No, probably not germany or france, but it would in pretty much any other EU country that doesn't have powerful unions with a gun to the governments head. At the end of the day, the EU can huff and puff all it wants, but as various east european states and france have demonstrated recently and in the past, if they don't want to play ball there's very little brussels (or is the travelling circus in strasbourg at the moment? Hard to keep up) can do about it.
No, probably not germany or france,
Oh, it would happen in France. Eventually.
I work in France for the subsidiary of a large and very successful US corp. When US HQ decides to lay off some people, perhaps because a project or service ends, the French subsidiary simply gets told "lose these xxx jobs".

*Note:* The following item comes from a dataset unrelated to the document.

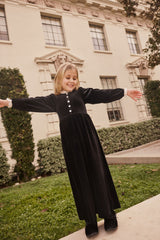 PASHMINI SAWYER VELVET RUFFLE COLLAR MAXI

It then has to work out how to square it with works council and unions, as the law requires, but they still have to do the layoff. If they don't lay the people off they have to pay them, but can't cross-charge the costs back to the US. Inevitably they end up buying people off with severance packages sufficiently large that they get enough volunteers, or at least so that the unions decide not to rock the boat, but the whole process takes months.
The real consequence is that French HR and US managers see how long and painful it is, and agree not to hire any more R&D staff in France in future. R&D goes to India, support and sales to places like Romania. Over the past 20 years we've lost 90+% of the R&D staff, they just aren't replaced.
Still, at least it isn't France Telecom, where several senior managers are on trial for having allegedly driven some staff members to suicide. They couldn't legally lay them off, so they allegedly made their jobs so miserable that they would hopefully quit. Some did, permanently.
"The real consequence is that French HR and US managers see how long and painful it is, and agree not to hire any more R&D staff in France in future"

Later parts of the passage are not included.